吉川英治が霜田史光の名で作品を書いた背景には、吉川英治が作家デビュー以来世話になっていた編集者の中島民千がいたのではないか、ということを昨日書きました。

吉川英治は非常に義理堅い人で、作家となる道筋をつけてくれた中島や広瀬照太郎といった編集者に対しては、出来うる限りその要求に応えるという姿勢で臨んでいます。

しかし、それが過ぎて、講談社と絶縁してしまったことがあります。

吉川英治と講談社の関係は密接なものです。
吉川英治に作家デビューの場を与えたのは講談社(中島も広瀬もその当時講談社員でした)であり、その一方、大ベストセラー作家に成長し、講談社に大きな利益をもたらしたのは吉川英治です。
持ちつ持たれつの関係であり、それは、当記念館が講談社のバックアップによって成り立っている現在まで、続いているものです。

その関係が大きくこじれたことがあります。
そのきっかけとなったのが中島民千でした。

尾崎秀樹の「伝記吉川英治」によると、それはこんなことでした。

デビュー以来、吉川英治に食い込んでいる中島に対して、講談社内で、中島は吉川英治から物質的援助を受けているというような話が出て、講談社の人間が英治にそれとなく事実を確かめたところ、個人の付き合いにまで干渉するのかと憤慨した英治が、野間講談社社長に絶縁状を送りつけた。

これだと中島に罪は無いようですが、松本昭「吉川英治 人と作品」になると少しニュアンスが違います。

中島が「社の幹部に金銭的なことで吉川英治に迷惑をかけていると言われた」と訴えたため、英治が中島をかばって講談社に抗議し、作品を引き上げたが、後でそれが中島の嘘だとわかった。

真逆に近い記述であり、真相ははっきりしませんが、いずれにせよ、中島との関係が深くなり過ぎたが故に、講談社と絶縁することになったことには違いありません。

具体的には、この揉め事が起こったのが昭和6年12月のことで、ちょうどその時期が締め切りになる講談社の各月刊誌の昭和7年2月号以降、吉川作品の掲載がなくなります。

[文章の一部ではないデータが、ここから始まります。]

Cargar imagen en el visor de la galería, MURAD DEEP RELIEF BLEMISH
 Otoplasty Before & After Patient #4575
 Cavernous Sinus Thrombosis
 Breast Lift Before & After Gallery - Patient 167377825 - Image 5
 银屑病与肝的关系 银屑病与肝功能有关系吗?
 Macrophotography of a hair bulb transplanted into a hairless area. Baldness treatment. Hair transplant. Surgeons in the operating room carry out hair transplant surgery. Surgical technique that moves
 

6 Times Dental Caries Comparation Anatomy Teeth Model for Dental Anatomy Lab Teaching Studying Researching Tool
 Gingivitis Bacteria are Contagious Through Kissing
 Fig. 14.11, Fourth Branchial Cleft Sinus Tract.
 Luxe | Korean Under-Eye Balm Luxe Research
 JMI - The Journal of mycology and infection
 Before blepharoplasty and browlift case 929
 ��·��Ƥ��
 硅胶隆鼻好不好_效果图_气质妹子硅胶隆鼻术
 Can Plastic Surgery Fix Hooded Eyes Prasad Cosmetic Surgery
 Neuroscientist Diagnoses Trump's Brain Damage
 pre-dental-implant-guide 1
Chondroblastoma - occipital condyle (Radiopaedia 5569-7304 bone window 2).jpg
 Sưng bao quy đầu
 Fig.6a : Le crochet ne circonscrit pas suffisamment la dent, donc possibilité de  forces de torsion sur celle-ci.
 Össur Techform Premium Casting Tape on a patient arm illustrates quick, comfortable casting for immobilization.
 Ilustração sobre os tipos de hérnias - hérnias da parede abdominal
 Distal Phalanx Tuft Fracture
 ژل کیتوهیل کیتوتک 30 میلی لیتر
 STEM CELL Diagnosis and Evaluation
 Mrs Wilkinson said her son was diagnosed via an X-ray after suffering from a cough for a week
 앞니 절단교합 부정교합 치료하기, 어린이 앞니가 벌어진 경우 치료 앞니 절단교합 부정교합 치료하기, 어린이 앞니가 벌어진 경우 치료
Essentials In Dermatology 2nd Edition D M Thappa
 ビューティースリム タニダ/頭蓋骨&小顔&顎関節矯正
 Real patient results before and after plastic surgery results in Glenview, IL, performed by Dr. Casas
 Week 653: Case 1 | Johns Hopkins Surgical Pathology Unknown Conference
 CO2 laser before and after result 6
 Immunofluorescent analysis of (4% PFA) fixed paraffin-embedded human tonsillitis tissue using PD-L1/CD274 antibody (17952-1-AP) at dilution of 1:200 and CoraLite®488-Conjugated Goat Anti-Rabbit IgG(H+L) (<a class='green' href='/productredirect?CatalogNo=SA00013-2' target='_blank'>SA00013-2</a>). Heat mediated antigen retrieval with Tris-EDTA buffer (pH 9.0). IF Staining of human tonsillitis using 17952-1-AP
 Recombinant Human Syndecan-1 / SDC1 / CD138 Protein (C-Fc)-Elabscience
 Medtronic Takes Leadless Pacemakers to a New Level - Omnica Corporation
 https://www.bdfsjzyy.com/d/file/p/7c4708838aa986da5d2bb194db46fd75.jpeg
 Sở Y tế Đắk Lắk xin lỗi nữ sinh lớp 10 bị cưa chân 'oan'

そのため、昭和4年10月号から雑誌『冨士』に長期連載していた「恋ぐるま」は未完のまま中絶となります。
さらにひどいのは、昭和7年1月号から連載を始めたばかりの「本町紅屋お紺」(『講談倶楽部』)、「佐幕忠臣蔵」(『冨士』)、「もつれ糸巻」(『少女倶楽部』)の3作品で、いずれも第1回だけで中絶となりました。

結局、両者が和解し、吉川英治が講談社の雑誌に執筆を再開するのは、雑誌『キング』昭和9年1月号から連載が始まった「恋山彦」からになります。